The Sauer model 38H or often just H was a small semi-automatic pistol made in Nazi Germany from 1938 until just after the end of World War II by the prestigious firm J.P. Sauer und Sohn, then based in Suhl, Germany. The "H" in the model number denoted 'hammerless.'
The "H" in the model number indicates the round was struck with a hammer as opposed to striker style firing of earlier Sauer models. It featured a shrouded hammer, double-action/single action trigger, single column magazine, and an action spring surrounding a fixed barrel. What was revolutionary about this handgun was the first use of a lever that either cocked or decocked the hammer safely. The hammer on the Sauer 38H could be lowered for safe carry at any time. A hollow space on the trigger indicated if the concealed hammer was cocked; if completely exposed, the hammer was lowered. When a round was chambered, a small pin would protrude behind the rear sight as an indicator. Another advanced feature for its time is a magazine safety, a device which deactivates the trigger when the magazine is removed from the pistol, even if a round is chambered. Almost all modern pistols by SIG-Sauer, the firm of which J.P. Sauer und Sohn became a part, made today feature a decocking lever. Most modern SIG-Sauer pistols feature controls in almost the same place as on the Sauer 38H.
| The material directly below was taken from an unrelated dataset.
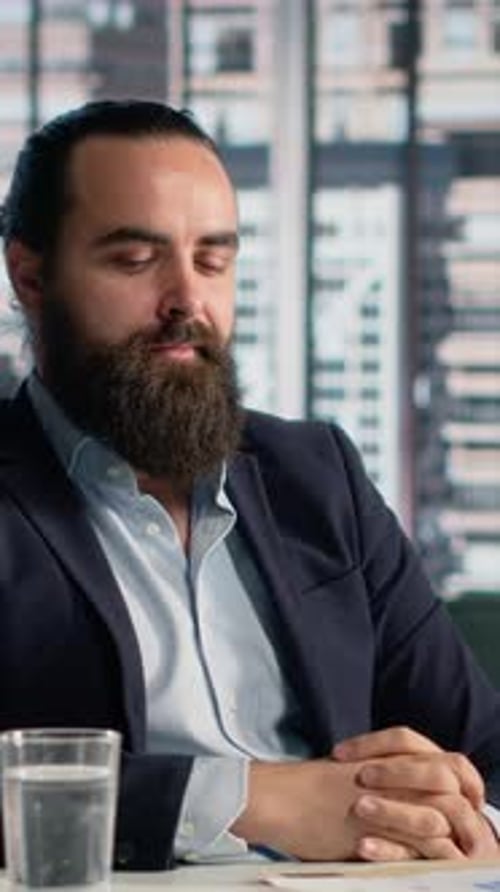Thoughtful Businessman Reviews Documents in an Office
The grips of the pistol were constructed of Bakelite. Age often results in the cracking and crumbling of the grips on surviving examples. All original grips featured "SUS" lettering standing for "Sauer und Sohn" which could be found on the same side of the pistol as the magazine release. It is unusual for a present-day example to have original, undamaged grips.
The Sauer 38H was produced mainly in .32 ACP caliber, however some rare examples were also made in .380 ACP and .22 Long Rifle calibers. The model 38H was used by German armed forces such as the Luftwaffe, as well as police forces in numbers nearly equal to the Walther PPK. The Sauer 38H was produced for military, police, and the commercial market.
Sauer developed the 38H from their earlier semi-automatic pistols. It was necessary to compete with companies such as Mauser on the commercial market. However, with the outbreak of the war, most pistols went to various German police agencies, often equipped with a black leather holster. These guns were stamped by those agencies and some can still be found with the holster and additional magazine with which they were distributed. Sauer 38H pistols presented to Nazi officials usually featured custom engraving, ivory grips, and often gold inlay as well. For example, in September 2004 the Rock Island Auction Company sold a Sauer 38H, serial number 363573, that belonged to S.S. Colonel-General Joseph "Sepp" Dietrich for $43,125.00.
The Sauer 38H was produced in three basic models. Generally, the slide of the first model says "JP Sauer und Sohn" on the left. The second version says only "CAL 7.65", and the third version omits the safety and the cocking/decocking lever. Towards the end of the war, weapons produced throughout Nazi empire were simplified for quicker, cheaper production. For the 38H, this meant simpler markings, rough finish, and the elimination of features like the slide-mounted safety. So-called "late-war" models were still fully functional though. Final examples, produced up until April 1945 when the factory was overrun by the Allies, feature mismatched serial numbers and poor fit and finish.
The spirit of the Sauer 38H lives on in the SigSauer P232 and its predecessor the P230, which also feature a fixed barrel, decocking lever, and similar internal design. As a testament to their fine design, many Sauer 38Hs are regularly used by owners to this day albeit usually with replacement grips.